A small intestine neuroendocrine tumor is a carcinoid in the distal small intestine or the proximal large intestine. It is a relatively rare cancer and is diagnosed in approximately 1/100000 people every year. In recent decades the incidence has increased. The prognosis is comparatively good with a median survival of more than 8 years. The disease was named by Siegfried Oberndorfer, a German pathologist, in 1907.

Signs and symptoms 
A large fraction of cases are diagnosed after routine surgery for bowel obstruction. Others may be diagnosed incidentally, or after investigation for carcinoid syndrome. The tumor typically produces serotonin, Tachykinin peptides and other substances, which cause flushing, tachycardia, diarrhea and in some cases fibrosis of the heart valves.

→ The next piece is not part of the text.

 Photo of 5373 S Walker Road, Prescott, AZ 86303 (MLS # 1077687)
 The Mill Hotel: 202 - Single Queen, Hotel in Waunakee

There are often several small and highly fibrotic tumors present in the intestine. The tumors often spread to the mesenteries and the liver.

Cause
Familial clustering of the disease, with several relatives being diagnosed may occur. Relatives of patients have an increased risk of developing the disease.

Genetics 
The tumors often harbour loss of chromosome 18q. Mutations in CDKN1B are present in approximately 8% of cases.

Treatment 
The treatment traditionally consists of a combination of medical and surgical treatment. Somatostatin analogues and Interferon decrease the secretion of hormones and the resulting symptoms. Radionuclide therapy with 177-Lutetium-DOTA-Octreotate increases progression-free survival.

Traditionally, the primary tumor has been surgically removed even in the case of metastatic disease, although this was in 2017 shown not to improve survival in asymptomatic patients.